However, for the housing market, it seems that the future is bright, according to Jackson-Stops & Staff.

Volumes

Analysis of the UK housing market by the national estate agency, based upon a sample of more than 500,000 properties for sale in Britain, reveals that the volume of homes has actually risen since the vote. On the other hand, the proportion subjected a contract has slipped by only 2.5%.

This slight decline in residential property sales has led to a 2% fall in the average asking prices across the UK. Prices have fallen from 297,508 in mid-June to £291,547 at present.

Nick Leeming, chairman at Jackson-Stops & Staff, commented: ‘three months after the UK’s historic vote to leave the EU, the property market remains alive and active.’[1]

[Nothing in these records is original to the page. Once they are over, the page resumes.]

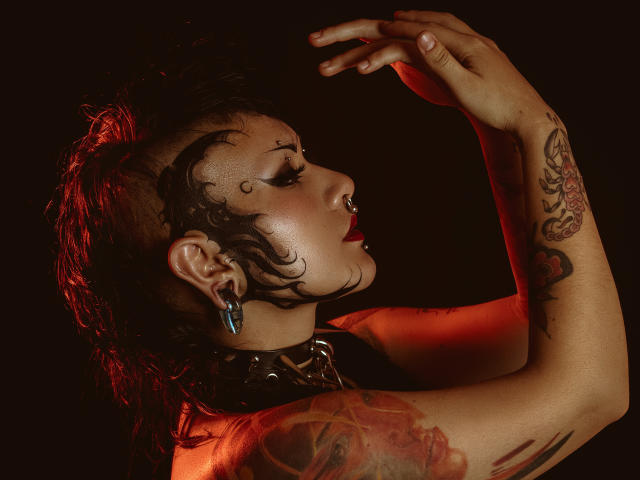 DafneLi with dark red hair, tattoos, black face paint, nose ring, earrings, and collar, raising arms, red light on skin, intense side profile, dark background.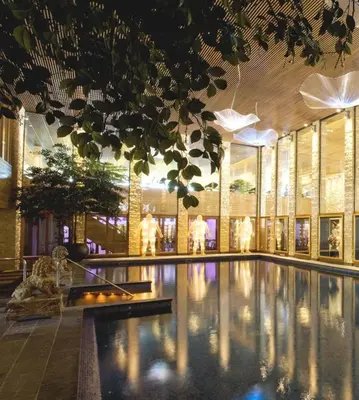 a large swimming pool in a building with a building at Villa de Duinen - Adults Only in Noordwijk aan Zee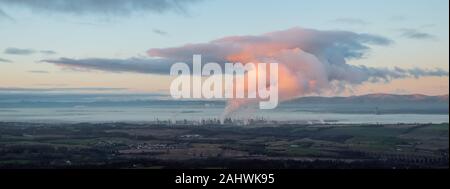 Panorama auf das Meer, auf die Bucht gibt es einen großen Ölraffinerie. Rauch steigt aus der Schornsteine, die Mixe mit einer riesigen Wolke, geheiligt durch Sonnenuntergang lig Stockfoto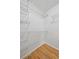 Walk-in closet features built-in storage shelves and hardwood floor at 209 14Th Ne St # 109, Atlanta, GA 30309
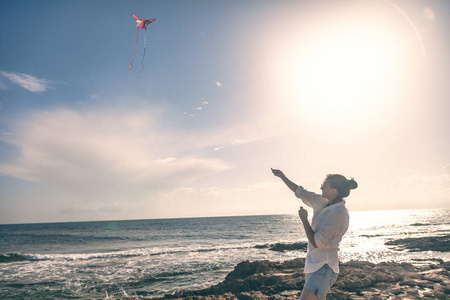美丽的年轻女子女孩在海边放风筝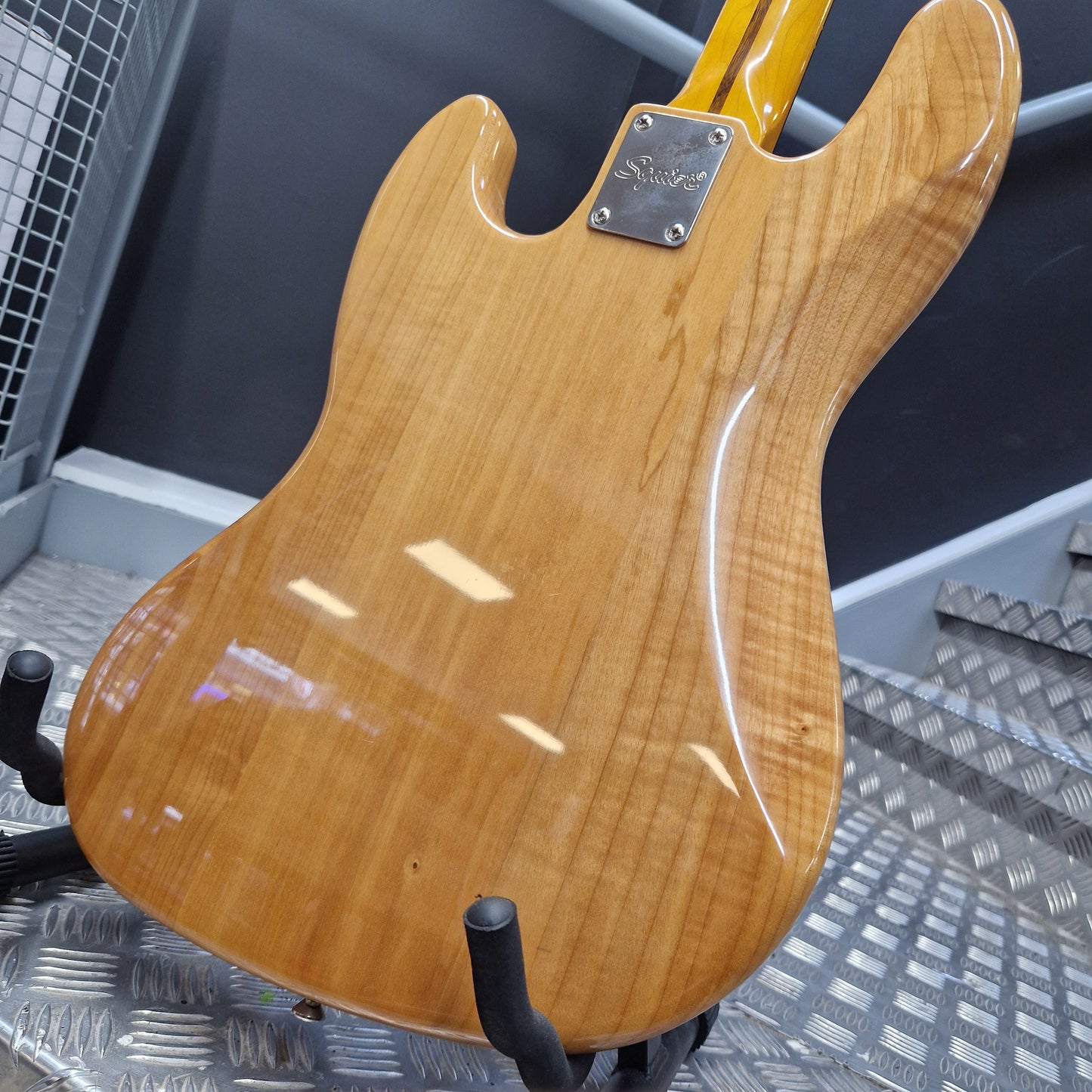 Pre-Owned Squier  Close-up of the back of an electric guitar body with a glossy natural wood finish, showing the grain pattern and a black pickguard on a metal grid surface.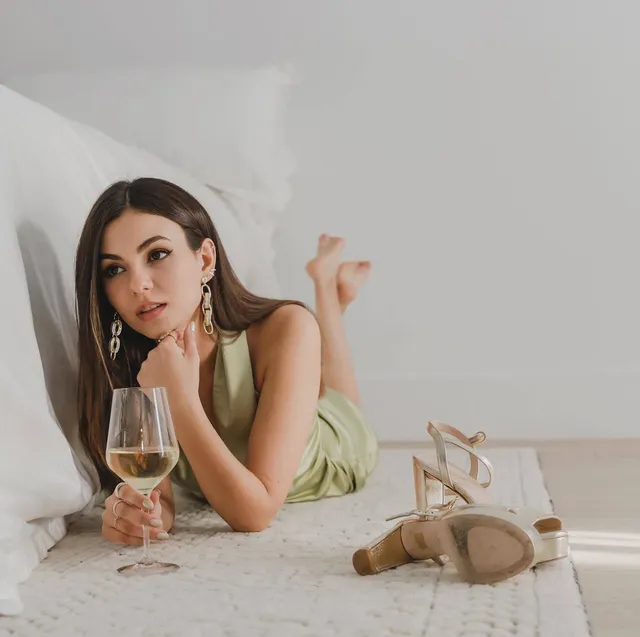Victoria Justice lying barefoot on a rug in a pale green dress.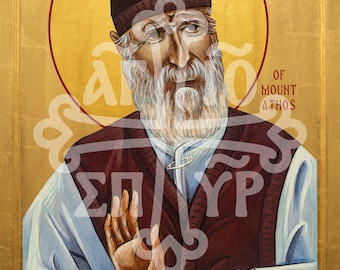 May include: A religious icon painting of Saint Paisios of Mount Athos featuring a gold leaf background, a dark brown skullcap, a white beard, and a maroon vest over a light blue robe. The figure holds a wooden staff and raises one hand in blessing.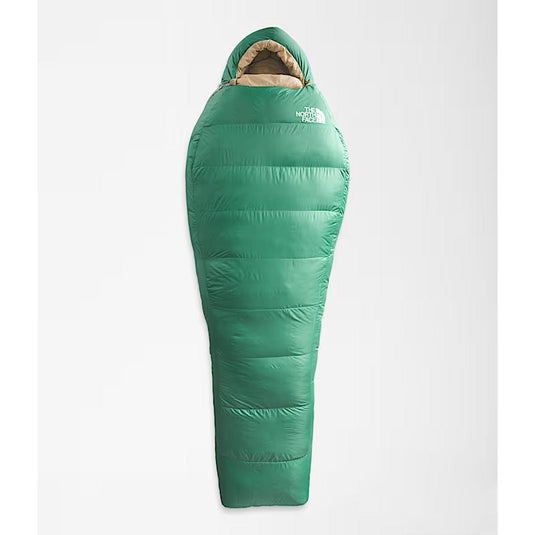 Green sleeping bag with The North Face logo on a white background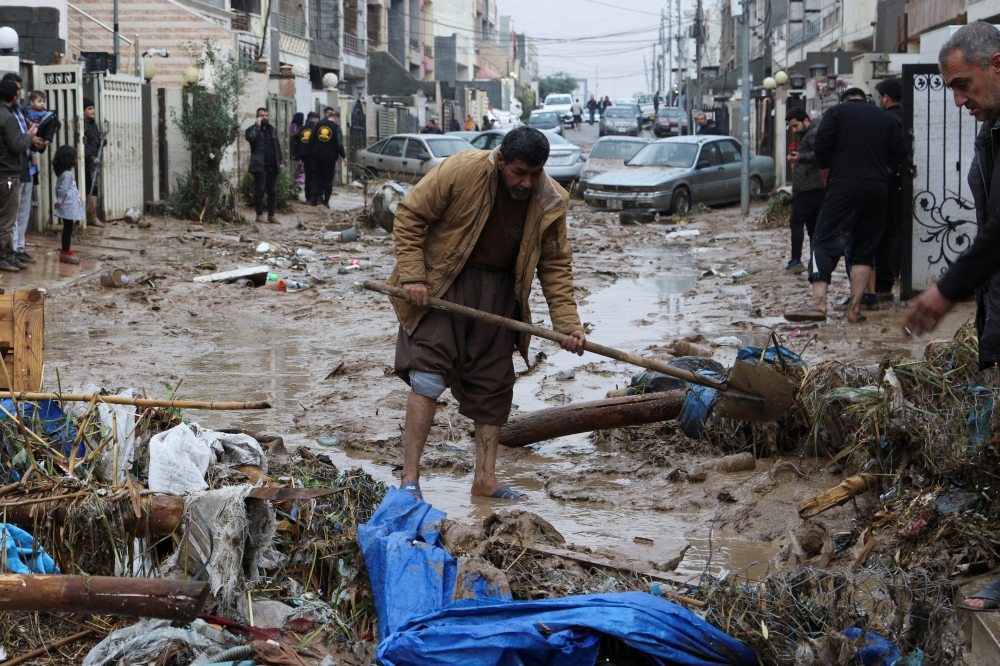 Residents clean a road full of mud after flash floods caused by torrential rains in Erbil, Iraq, December 17,2021. REUTERS/Azad Lashkari
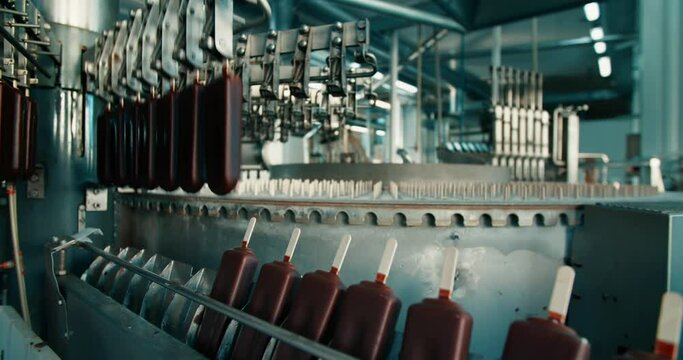 Automated ice cream production line. Chocolate ice cream on a conveyor belt.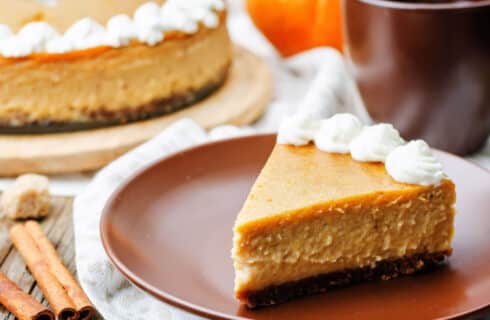 Orange pumpkin cheesecake with a brown gingerbread crust and dolloped with whipped cream on and brown plate and pumpkins as decorations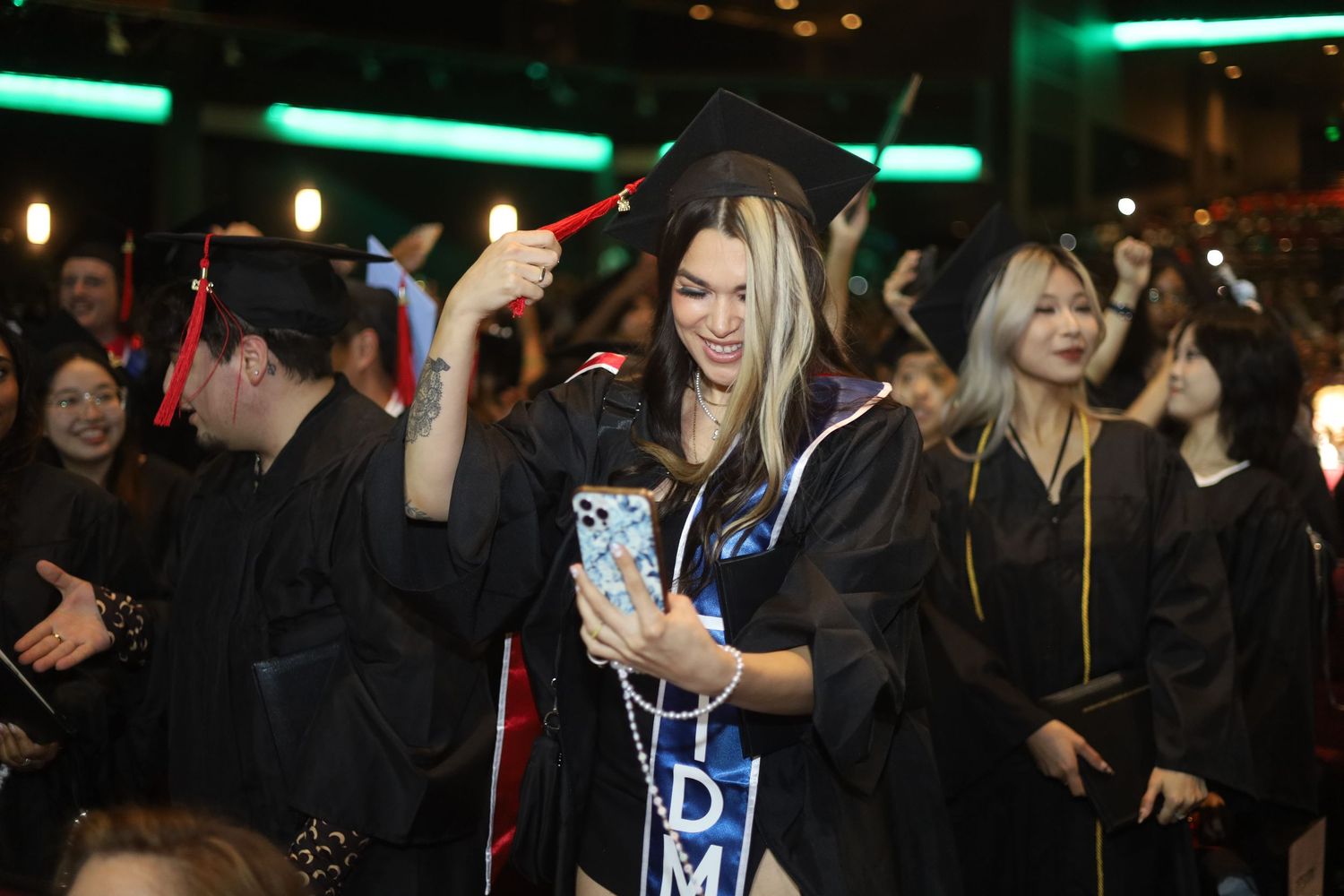 Graduates celebrating with raised hands in a dimly lit auditorium.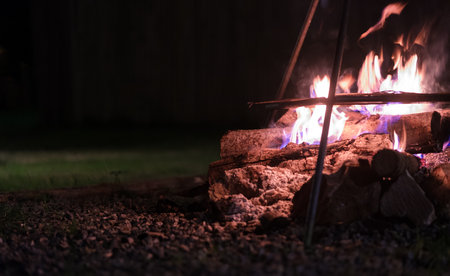 Bonfire with burning firewood at touristic camp at night. Camping, recreation, outdoor activities concept.の写真素材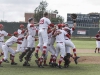 Palomar's players celebrate after the final out is recorded in the bottom of the eleventh inning against visiting Saddleback College at Myers Field 17 May. The Comets won 4-3 in 11 innings to sweep visiting Gauchos and advance to the final four to be held in Fresno next weekend. Philip Farry / The Telescope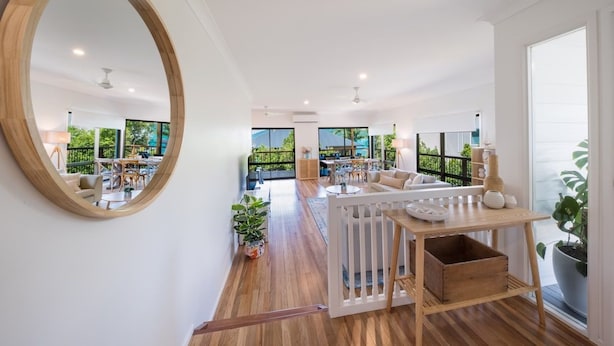 A spacious living area with a large mirror, wooden flooring, and a view of the outdoors. - Beach House on Main- Airlie Beach (Airlie Beach)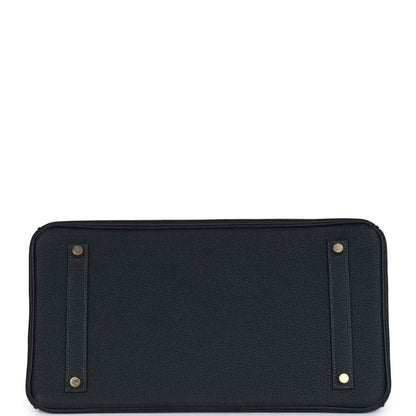Leather handbag base panel with gold corner studs and stitched edges, dark color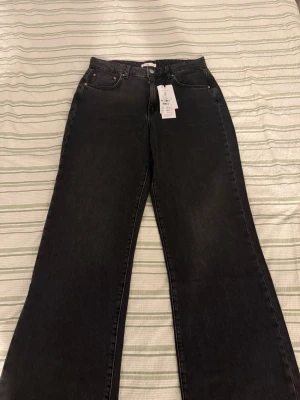 Svarta wide jeans med hög midja - Säljer ett par svarta wide jeans från Gina tricot i storlek 40. Byxorna har hög midja, klassisk femficksdesign och raka, vida ben. Materialet är jeans i bomull och de har en snygg mörk tvätt. Perfekta till sneakers eller boots.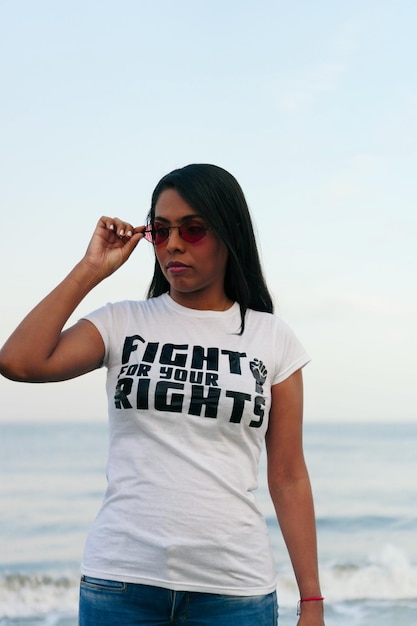 Mulher jovem protestando na praia com o punho erguido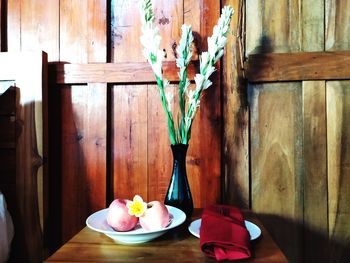 Flower vase on table at home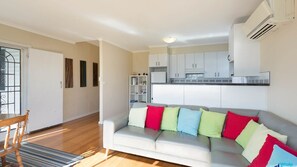 Relax in a comfortable living space with a sofa, dining table, and kitchen area.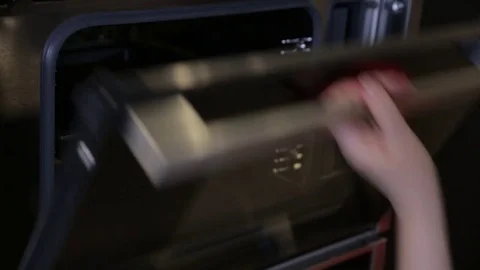 Baking a cake with a pot holder Stock Footage 74057758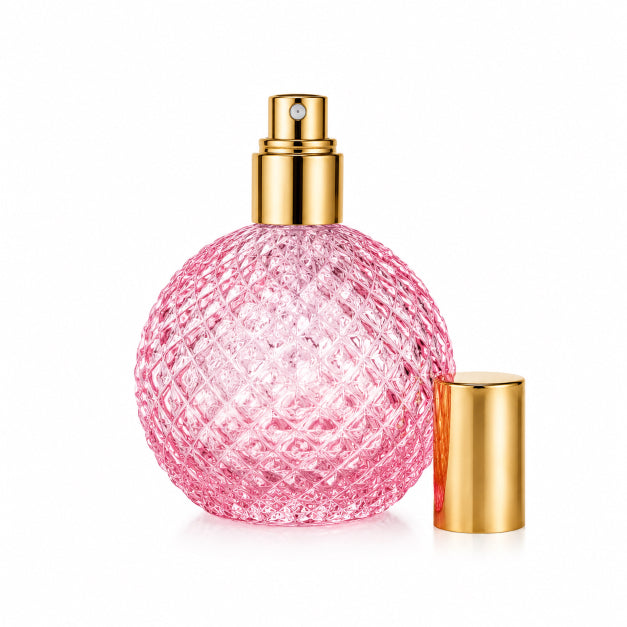 A pink textured glass perfume bottle with a gold spray nozzle and a separate gold cap, shown on a clean white background. Love Spell by Flame Elegance.
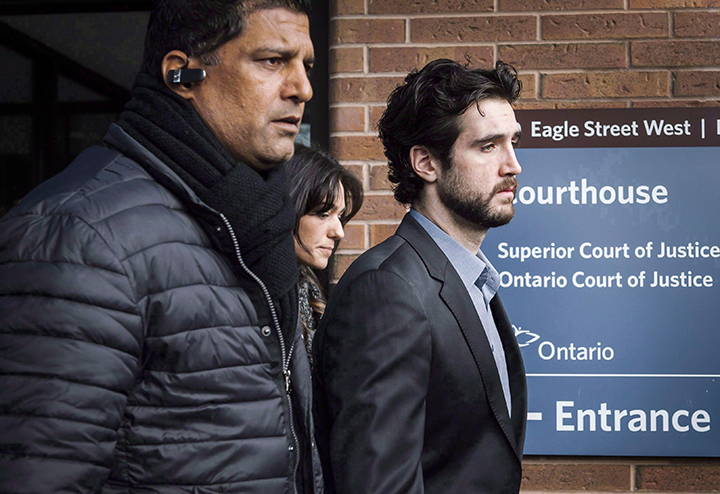 Marco Muzzo, right, leaves the Newmarket courthouse surrounded by family, on February 4, 2016. THE CANADIAN PRESS/Christopher Katsarov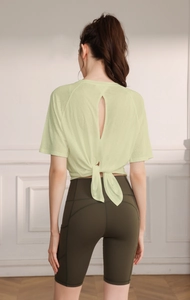Detail of light green yoga top with back teardrop cutout and drawstring hem design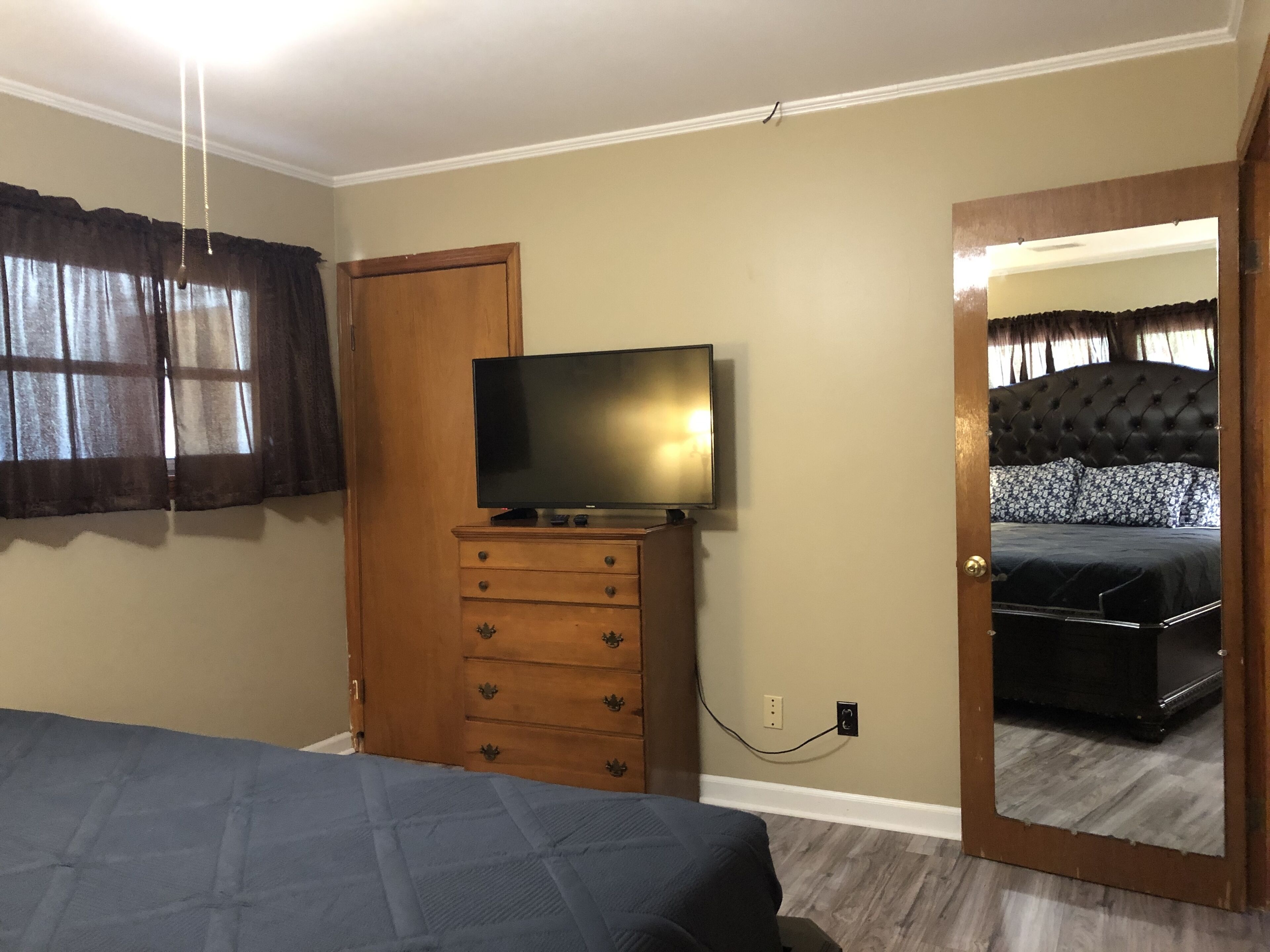 Un dormitorio con cama, cómoda, televisor y espejo.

‘There are more properties on the market today than one the day of the Brexit vote and there has only been a marginal decline in the number of properties under offer. House prices have also declined only moderately. The normal events-families growing, the desire to downsize, a new job, a change of lifestyle-the fundamental drivers for people buying and selling property, have remain unchanged.’[1]

UK housing market is stable following Brexit

UK housing market is stable following Brexit

Stamp Duty impact

However, while the overall housing market remains stable, further data from the report indicates that high stamp duty rates are having in impact. This is being felt particularly at the top end of the market, in particular for properties over £2m.

Mr Leeming continued by saying, ‘London has always been an island when it comes to the housing market and is governed by a range of forces that are not as strongly at play across the rest of the UK, such as significant international investment and high net worth buyers.’[1]

‘The fact that there is a freeze around the higher value properties in the capital is due to a number of factors, not just confidence levels following the Brexit vote, but also the impact of stamp duty at the very highest levels. We anticipate that the market will correct itself as we head into the final quarter of this year,’ he added.[1]